The De Young Museum is a fine arts museum located in San Francisco. The De Young is an incredible museum, which offers a look at the different art forms of many artists, cultures, and periods. The De Young displays a spectacular array of art forms such as Christian Dior dresses, Native American artifacts, Georgia O’Keefe’s flower paintings and much more. I will mention a few that captivated me and compare them to ones we have studied in class.

The De Young Museum is very well organized. On the bottom floor near the entrance is Art of the Americas, Native American Art and 20th Century and Contemporary Art. On the second floor are Art of America to the 20th century, African art, Oceania art and textiles. I think that the arrangement of the art is very suiting, and easy to follow.

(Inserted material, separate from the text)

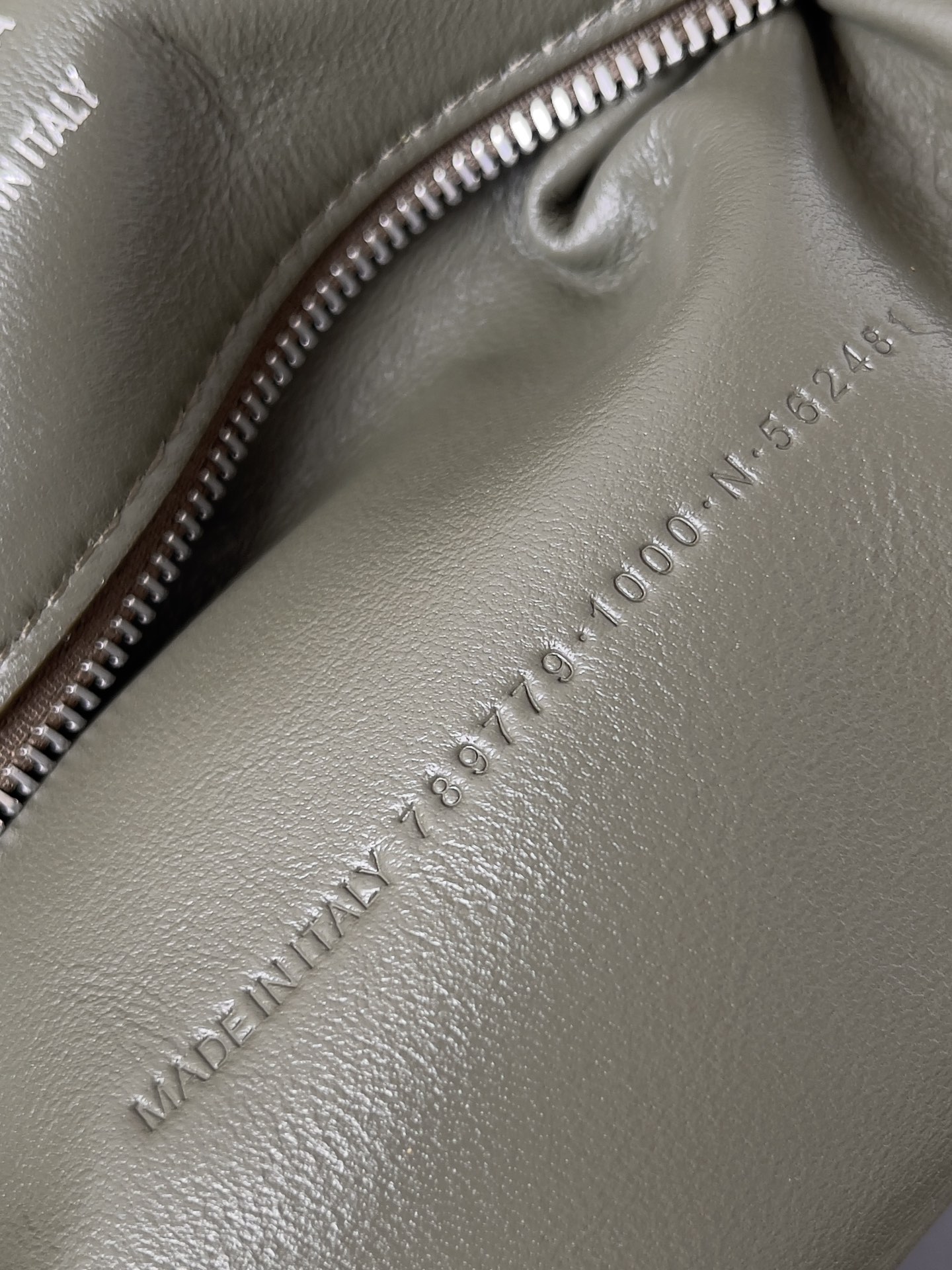 [TOP] BALENCIAGA Rodeo Shoulder Bag 28.9x20x9.9cm - Green & SHW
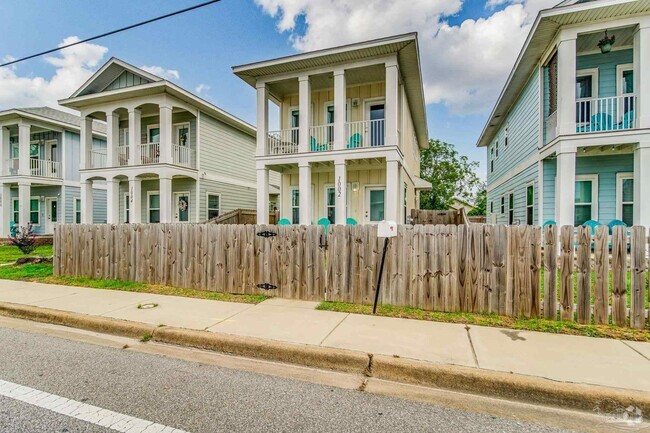 Building Photo - 1002 W Main St Rental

In the 20th Century and Contemporary Art section I was mystified by the glass sculpture room. There were beautiful, unique, and amazing artworks everywhere I looked, including a glass ladder. What really caught my attention was “Fruit Still Life” by Flora C. Mace. “Fruit Still Life” is several pieces of glass blown to look like an orange, apples, pear, and peach. They are proportionate to each other, but their proportion to an actual orange is probably 100 times or so, since the orange was about 2 feet tall. The “Fruit Still Life” was created in 1997, but it’s a contemporary way of looking at the still lifes that were popular in 17th century Rococo art. An example of a Rococo still life is Rachel Ruysch’s “Still Life with Flowers.” “Still Life with Flowers” shows many different beautiful flowers and some fruits that are proportionate to life size even on canvas, and bursting with life and realistic details. “Fruit Still Life” is simple, with only seven pieces of fruit on a simple alder plate. However the realistic details are in both of the pieces. “Still life with flowers” shows each petal and leaf in careful realistic detail. “Fruit Still Life” also clearly shows the realistic details of the pieces of fruit. The enormous orange has a rough dimpled look like an actual orange. The apples are smooth and shiny, and the coloring suggests a fiji and red delicious apple displayed. I don’t think this feat of an artwork could have been accomplished 100 years ago, and I think it’s a great way to mix the old subject with the new medium, while being dramatic and simple at the same time.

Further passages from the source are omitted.